=== REQUIREMENT ===
The entries below contain pictures. Write out only the lines from the line with "ICHI Kate Gleam Wide Leg Pants - Black" up to and including the line with "elemge %100 Pamuk", exactly, without them.

==== MATERIAL FOR THE TASK

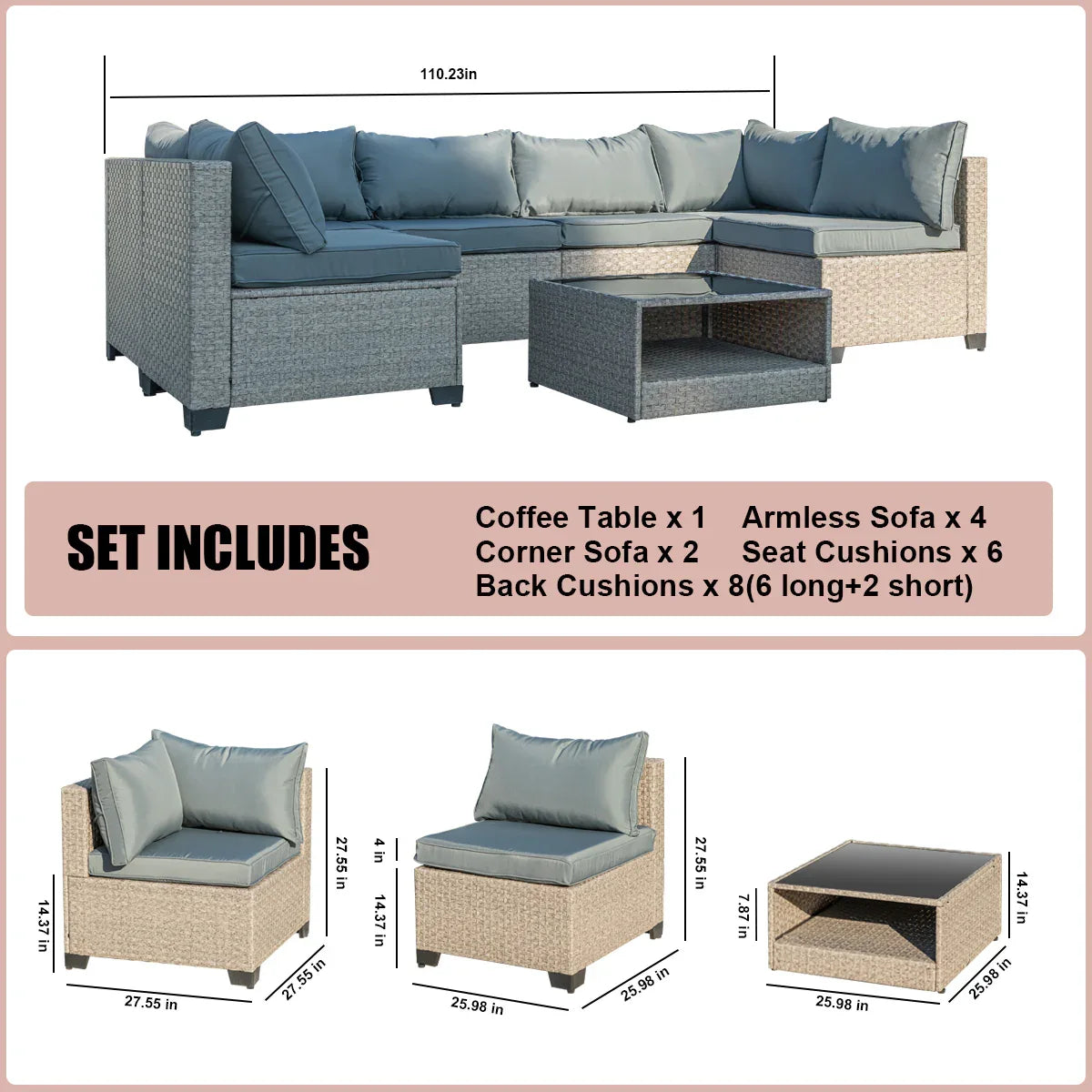 7-Piece Patio Furniture Set, All-Weather Boho Outdoor Conversation Set Sectional Sofa with Water Resistant Grey Thick Cushions - Shello's Creative Boutique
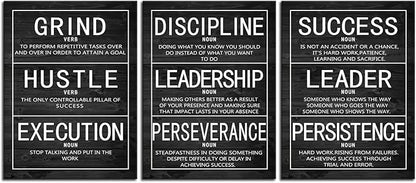 Inspirational Poster for Office Motivational Wall Art 3 Pieces Canvas Prints Artwork for Living Room Bedroom Modern Home Decor Painting Pictures Stretched and Framed Ready to Hang [36''Wx 16''H]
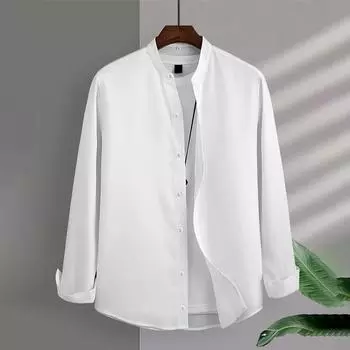 Новые мужские рубашки с длинным рукавом и воротником-стойкой, однотонные, весна-осень S белый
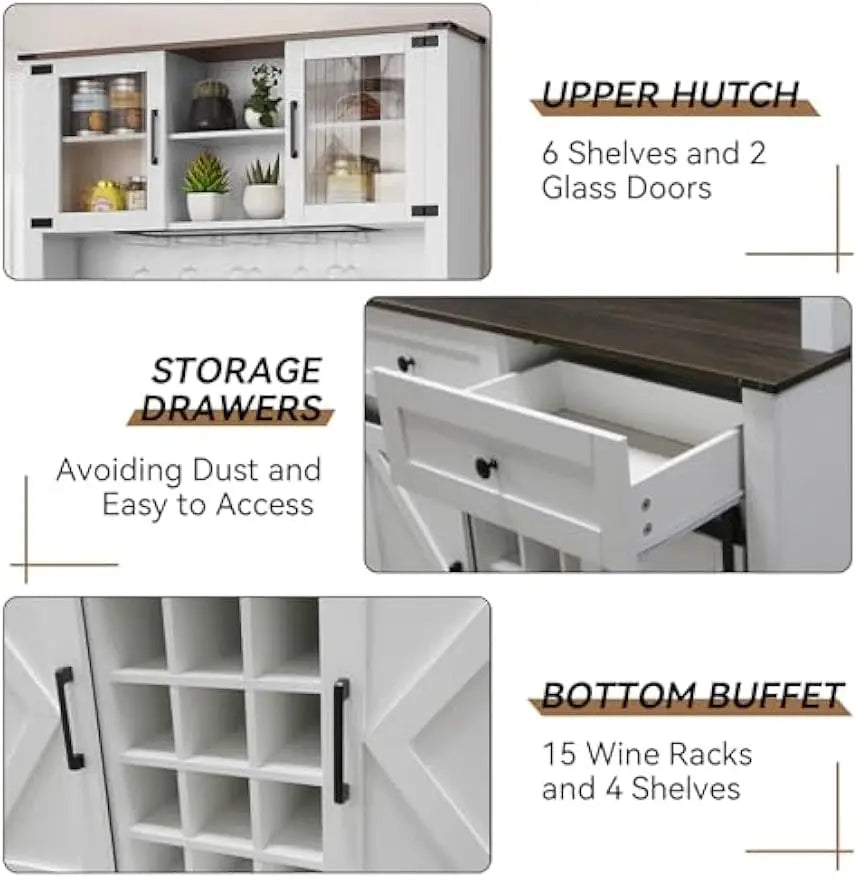Farmhouse Wine Bar Cabinet With Sliding Barn Door Hutch Storage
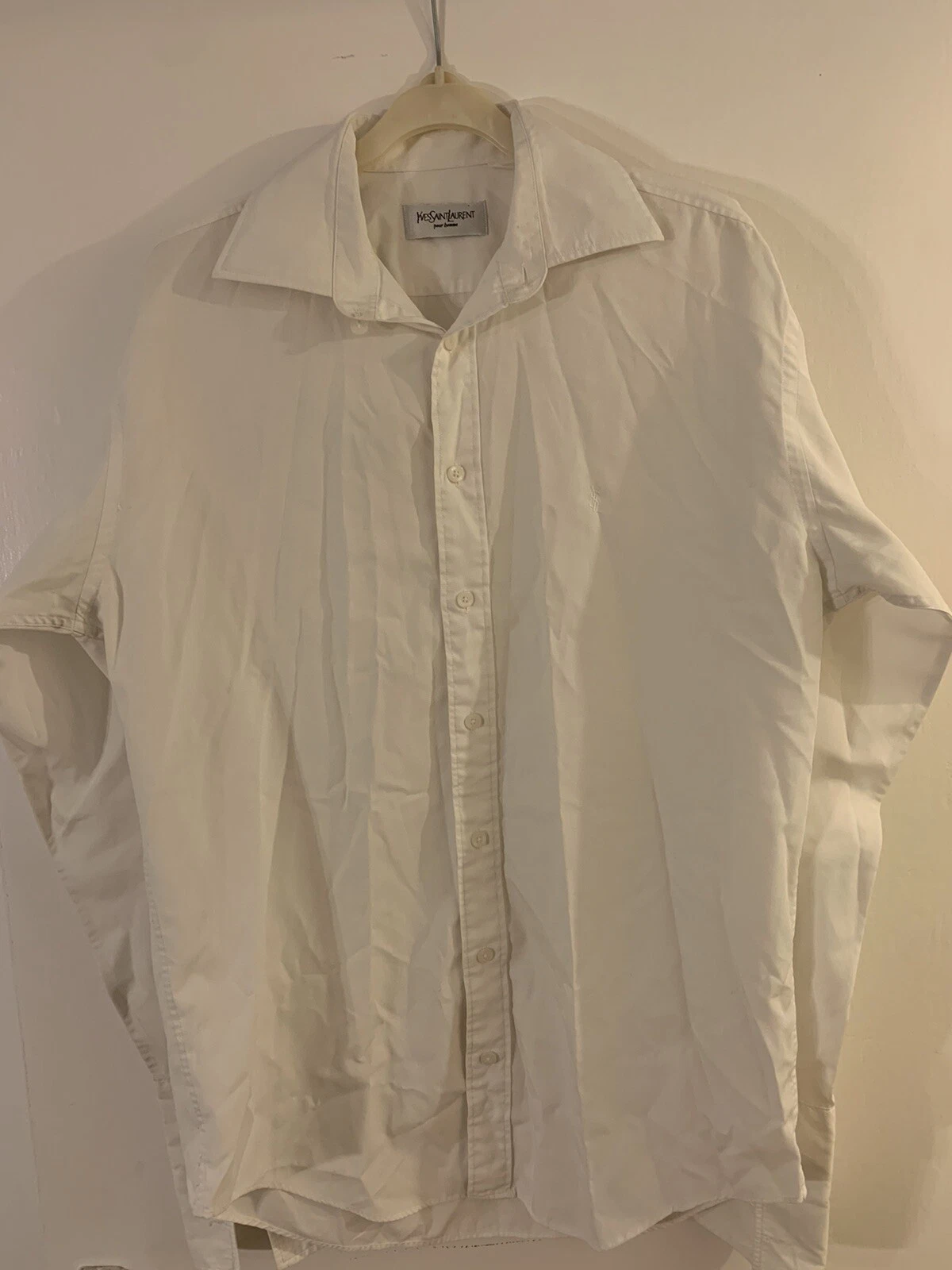 SAINT LAURENT (YSL) Camicia Yves Saint Laurent manica lunga colletto L: 16 misto bianco cotone uomo
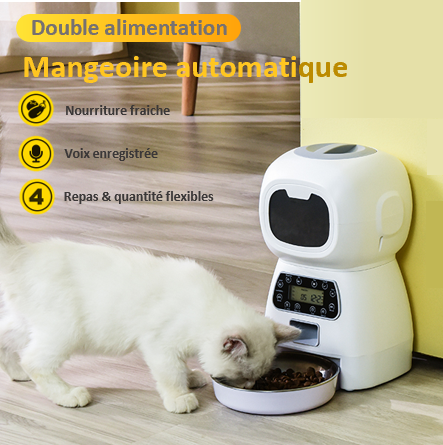 Mangeoire distributeur automatique d'aliments chien chat bol acier inoxydable minuterie pratique commande vocale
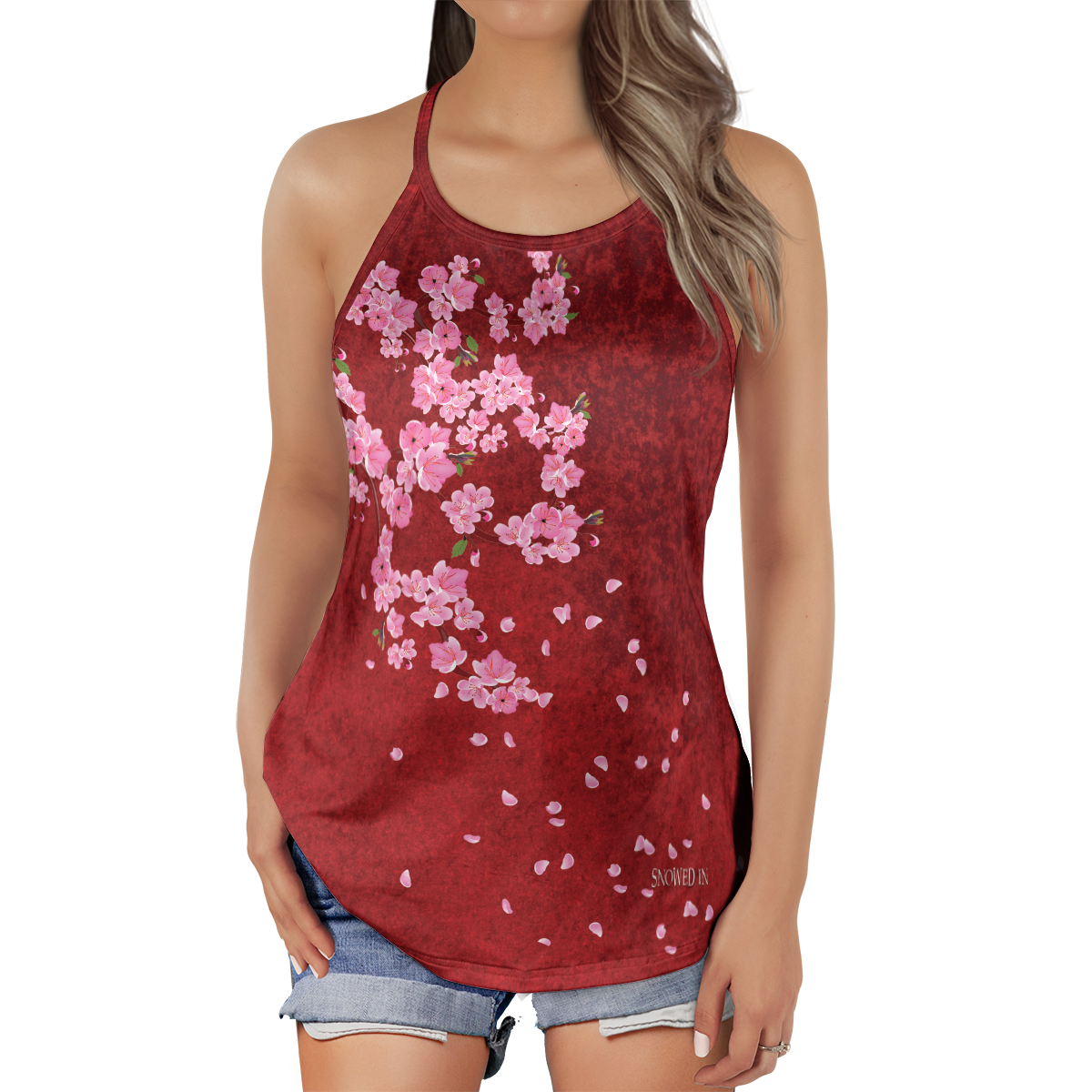 Flowery Crisscross Back Tank Top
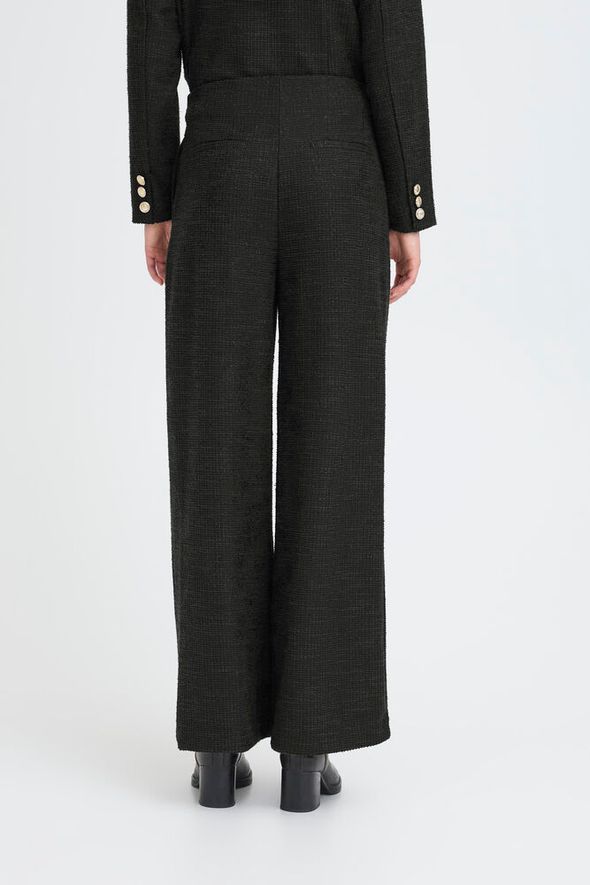 ICHI Kate Gleam Wide Leg Pants - Black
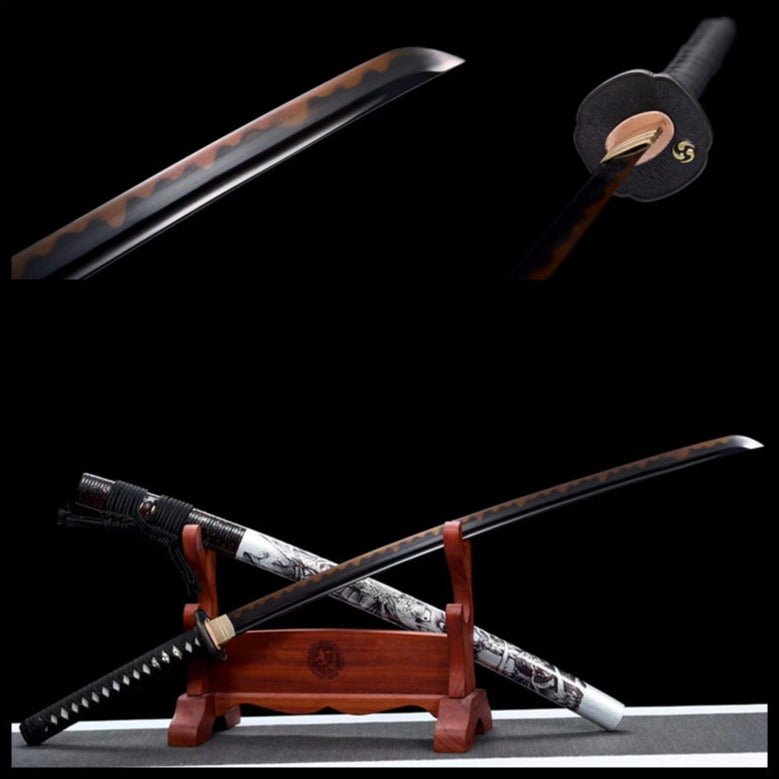 Katana Fuxi Damascus Folded Clay Tempered Fire Blade 伏羲 | KatanaSwordArt Katana For Sale 2025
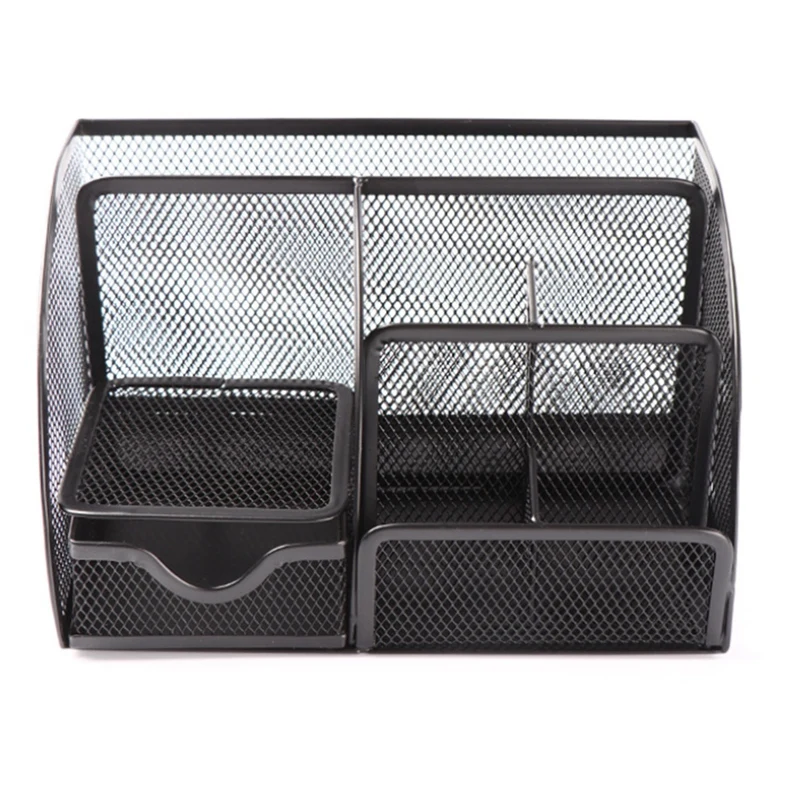 Mesh Desk Organizer Pen Holder, Accessories Storage Caddy With 6 Compartments, And Drawer Office Supplies Gift (1 PCS)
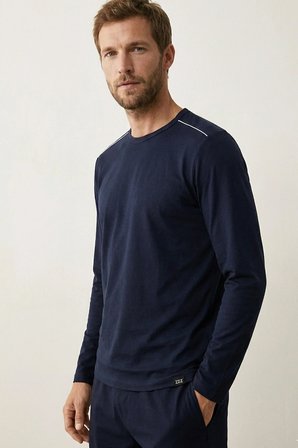 elemge %100 Pamuk Süprem Uzun Kollu Pijama Üstü Erkek T-Shirt Compact Penye Rahat Kalıp Tok Kumaş Lacivert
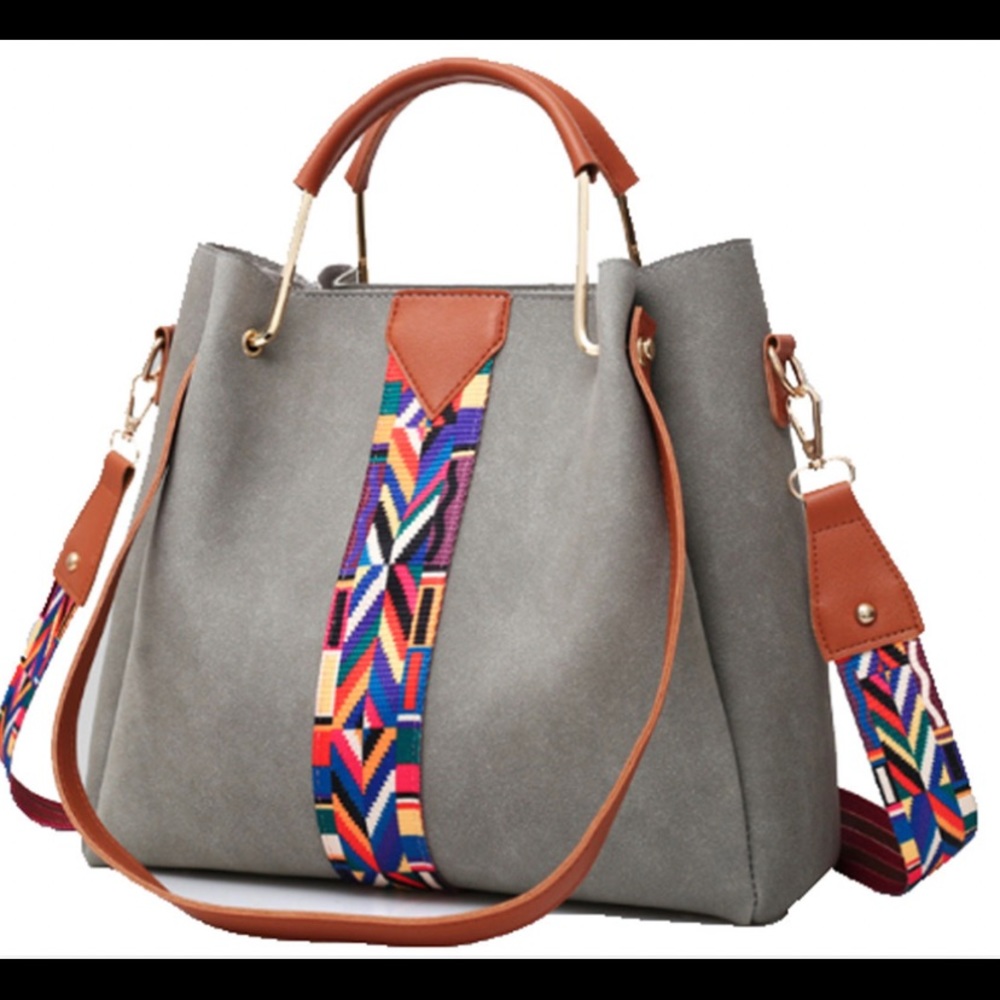 Aztec print suede bag/purse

========

=== TASK ANSWER ===
 ICHI Kate Gleam Wide Leg Pants - Black
 Katana Fuxi Damascus Folded Clay Tempered Fire Blade 伏羲 | KatanaSwordArt Katana For Sale 2025
 Mesh Desk Organizer Pen Holder, Accessories Storage Caddy With 6 Compartments, And Drawer Office Supplies Gift (1 PCS)
 elemge %100 Pamuk Süprem Uzun Kollu Pijama Üstü Erkek T-Shirt Compact Penye Rahat Kalıp Tok Kumaş Lacivert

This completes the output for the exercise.